As for the editorial department, it must be permitted to speak for itself. It lays no claim to brilliancy and it is doubtless often mistaken. But it seeks ever to find and to tell the truth, and in this effort must necessarily offend some to-day whom it pleased yesterday. It will continue to speak fearlessly concerning public questions, upholding the right and condemning the wrong, criticizing with entire freedom its friends as well as its enemies when necessity seems to demand criticism.
It is so seldom that the TRIBUNE talks about itself that the reader will doubtless pardon this exhibition of egotism. With sincere thanks to its thousands of devoted friends, it now steps into the background.
Morning Tribune, Altoona, Pa., Thursday, August 6, 1891, page 2
George B. Bowers, esq., of your city, was among Bellwood's visitors Tuesday.

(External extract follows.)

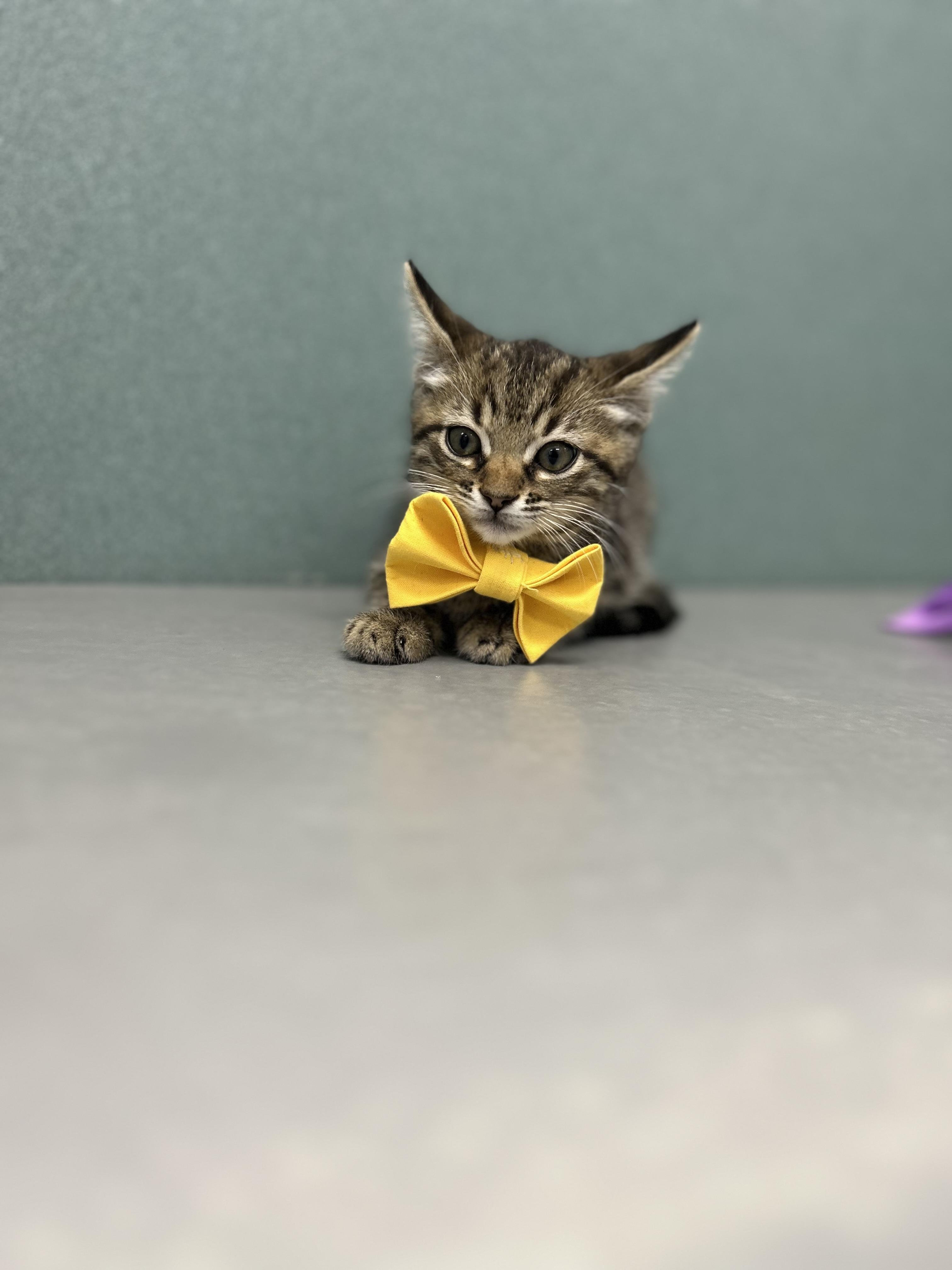 Enlarge Lagoona, a ADOPTABLE Domestic Short Hair in Bardstown, KY image 2/3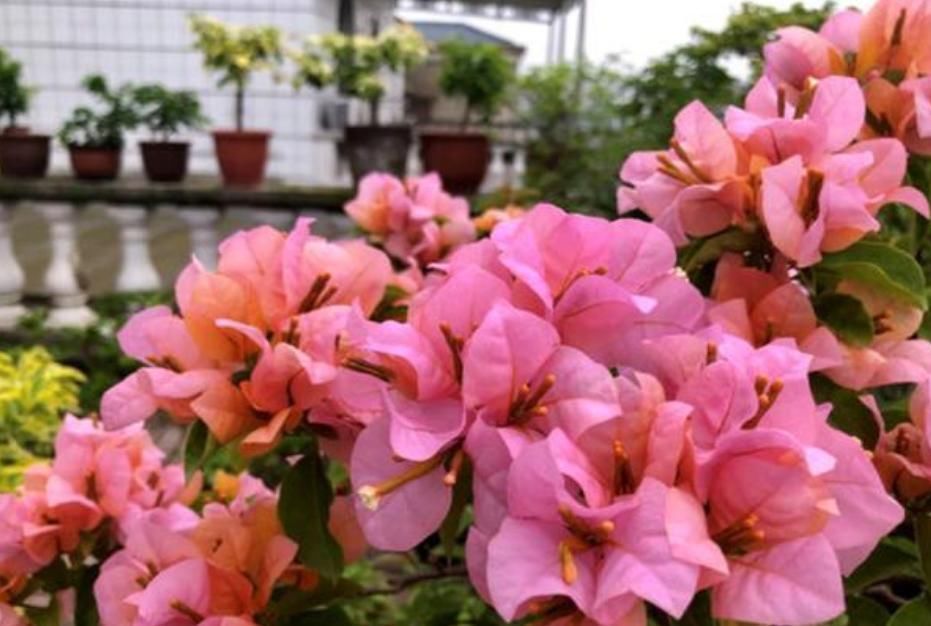 家里养上4种花，全年开花不断，养在阳台，轻松开成花海！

Miss Lizzie Akers has returned home after a pleasant sojourn of ten days at Montoursville, this state.
Painters are busily engaged in beautifying the residence of Rev. G. B. Ague, on Main street, which was lately damaged by fire.
Charley Bell, formerly of the Standard Oil company in your city, is now the pleasant and obliging clerk of A. Carpenter, general merchant, Main street.
Our very efficient pill-maker, Dr. W. Y. Levengood, and J. Lloyd Lowther, who manufactures the best flour in this part of the state, leave this morning for Atlantic City, where they expect to have a good time for the next week or ten days.
The ordinance which gave absolute right of our streets and avenues to the Bellwood Water company and the Bellwood Electric Light company failed to pass first reading in council assembled on last Monday evening. It is altogether likely that the borough will furnish both water and light for our citizens in a very short time. At least we were informed by one of the worthy councilmen.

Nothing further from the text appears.